Improving energy density of supercapacitors using heteroatom-incorporated three-dimensional macro-porous graphene electrodes and organic electrolytes

Abstract

The synthesis of nitrogen- and sulfur-doped three-dimensional (3D) graphene architectures further treated by steam activation to increase surface area is reported in this study. Tetraethylammonium tetrafluoroborate (TEABF4) in propylene carbonate as an organic electrolyte is used to enlarge the voltage range of a supercapacitor (SC) for high energy density. The 3D nitrogen- and sulfur-doped, steam activated, reduced graphene oxides (N-SRGO and S-SRGO) contained 7.84% and 6.93% of N and S heteroatoms and feature 497 m2 g−1 and 525 m2 g−1 of surface area due to hieratical porosity of the substance.
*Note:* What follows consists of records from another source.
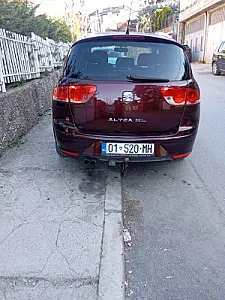shitet seat altea xl 2008 automatik 2.0 tdi - Foto 7
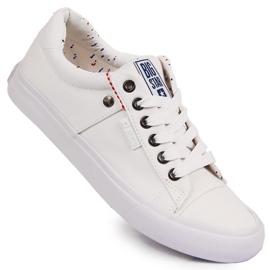 Sneakers Basse bianche Big Star AA274511 bianca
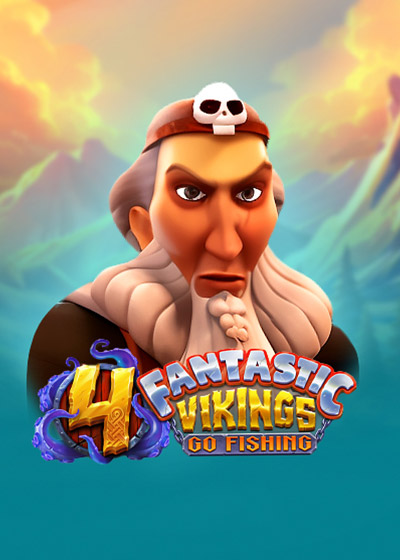 4 Fantastic Vikings Go Fishing
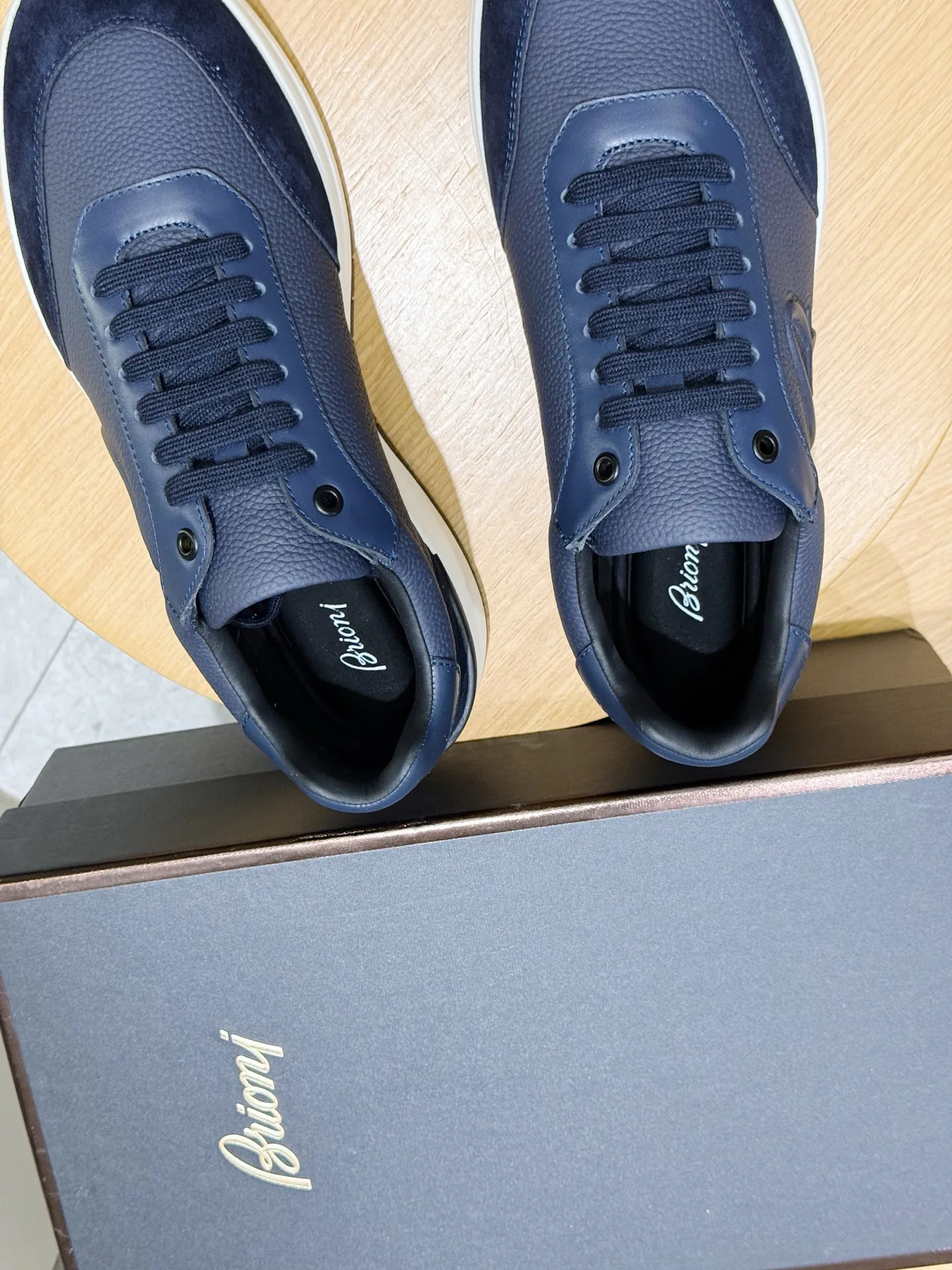 Men's Sneakers BRIONI 18165274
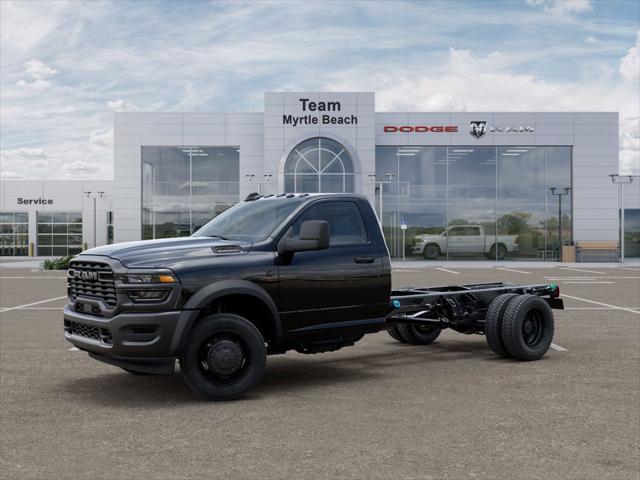 2025 Ram 4500 Chassis Tradesman/Big Horn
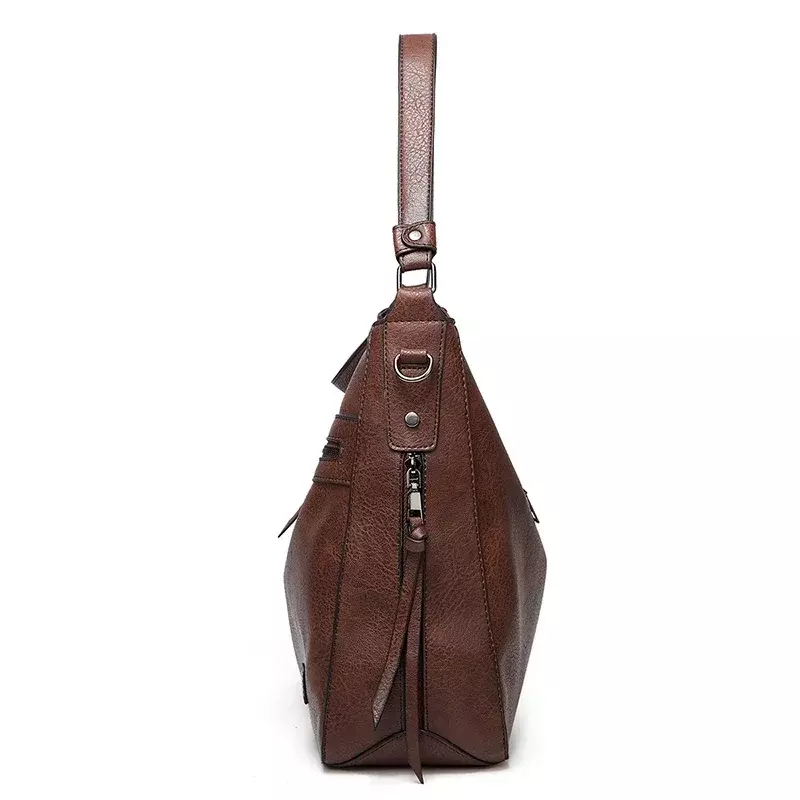 CH01 tas bahu wanita desainer merek tas tangan wanita Travel akhir pekan luar ruangan
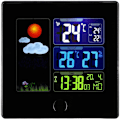 Miniatyrbillede 2 af 4: Tfa Dostmann Vejrstation 35.1133.01 Sun Hvid,Sort One Size / EU Plug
As shown in the galvanic charge/discharge curves, a range of 0–2.5 V in the 3D N-SRGO architectures showed the highest capacitance of 23.1 F g−1, delivering maximum energy and power densities of up to 20 W h kg−1 and 6190 W kg−1. The rate capability and cycle stability over 5000 cycles were evaluated to be 63% and 68%, respectively, for N-SRGO. This study provides a systematic way to improve energy density of SCs by combining heteroatom-doped 3D graphene architecture with an organic TEABF4/PC electrolyte.